I'm new to forecasting and playing with some forecasting techniques. I used the ets function from te forecast package to automatically select the model. I want to do a check to see if the model has adequately captured the information in the data.
I used the checkresiduals() function and the Ljung-Box test with Box.test() as described in https://otexts.com/fpp2/residuals.html.

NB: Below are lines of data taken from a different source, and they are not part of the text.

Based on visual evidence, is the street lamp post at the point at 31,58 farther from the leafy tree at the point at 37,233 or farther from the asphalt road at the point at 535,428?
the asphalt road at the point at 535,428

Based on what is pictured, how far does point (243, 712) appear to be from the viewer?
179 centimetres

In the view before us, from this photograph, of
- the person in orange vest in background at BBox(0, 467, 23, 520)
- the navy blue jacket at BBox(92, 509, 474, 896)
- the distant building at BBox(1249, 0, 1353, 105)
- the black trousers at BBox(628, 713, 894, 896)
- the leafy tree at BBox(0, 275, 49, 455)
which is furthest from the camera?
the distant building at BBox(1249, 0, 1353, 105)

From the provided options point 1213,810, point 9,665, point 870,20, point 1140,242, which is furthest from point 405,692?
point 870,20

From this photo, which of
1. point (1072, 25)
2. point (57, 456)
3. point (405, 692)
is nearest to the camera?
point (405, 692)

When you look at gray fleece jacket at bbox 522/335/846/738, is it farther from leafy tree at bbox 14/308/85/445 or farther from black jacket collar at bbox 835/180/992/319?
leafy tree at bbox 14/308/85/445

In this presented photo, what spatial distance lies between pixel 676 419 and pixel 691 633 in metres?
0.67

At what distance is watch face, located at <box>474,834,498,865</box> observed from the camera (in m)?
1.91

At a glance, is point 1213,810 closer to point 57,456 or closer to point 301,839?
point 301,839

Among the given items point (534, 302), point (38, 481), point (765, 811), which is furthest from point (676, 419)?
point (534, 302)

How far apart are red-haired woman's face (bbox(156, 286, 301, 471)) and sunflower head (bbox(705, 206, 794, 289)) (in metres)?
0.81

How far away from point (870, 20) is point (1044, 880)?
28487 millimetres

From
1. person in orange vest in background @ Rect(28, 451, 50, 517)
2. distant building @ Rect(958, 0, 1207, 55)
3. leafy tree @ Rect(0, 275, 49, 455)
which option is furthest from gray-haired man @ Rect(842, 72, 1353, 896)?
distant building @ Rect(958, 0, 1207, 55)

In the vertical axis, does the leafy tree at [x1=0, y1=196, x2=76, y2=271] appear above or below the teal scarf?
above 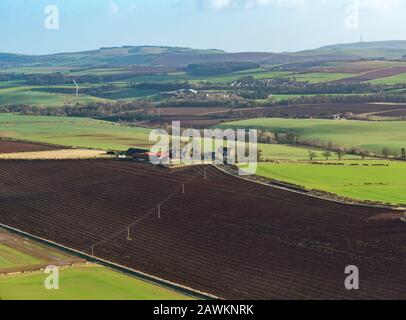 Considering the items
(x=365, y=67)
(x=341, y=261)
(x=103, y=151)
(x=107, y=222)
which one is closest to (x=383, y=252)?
(x=341, y=261)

checkresiduals gives me a p-value lower than 0.05 where the Ljung-Box test gives me a p-value greater than 0.05.
I was suspecting a p-value greater than 0.05 by both methods. I'm really confused now.
Question
Is my model correct? Or is it incorrect and can it be optimized with for example ARIMA?
Data
month_year n
1 2017-12-01 75
2 2018-01-01 253
3 2018-02-01 99
4 2018-03-01 155
5 2018-04-01 186
6 2018-05-01 290
7 2018-06-01 400
8 2018-07-01 248
9 2018-08-01 148
10 2018-09-01 167
11 2018-10-01 181
12 2018-11-01 136
13 2018-12-01 94
14 2019-01-01 135
15 2019-02-01 134
16 2019-03-01 168
17 2019-04-01 172
18 2019-05-01 206
19 2019-06-01 896
20 2019-07-01 270
21 2019-08-01 183
22 2019-09-01 174
23 2019-10-01 164
24 2019-11-01 100
25 2019-12-01 123
26 2020-01-01 182
27 2020-02-01 155
28 2020-03-01 178
Code
# define time serie #
timeserie.ts <- ts(data$n, start=c(2017, 12), end=c(2020, 03), freq=12)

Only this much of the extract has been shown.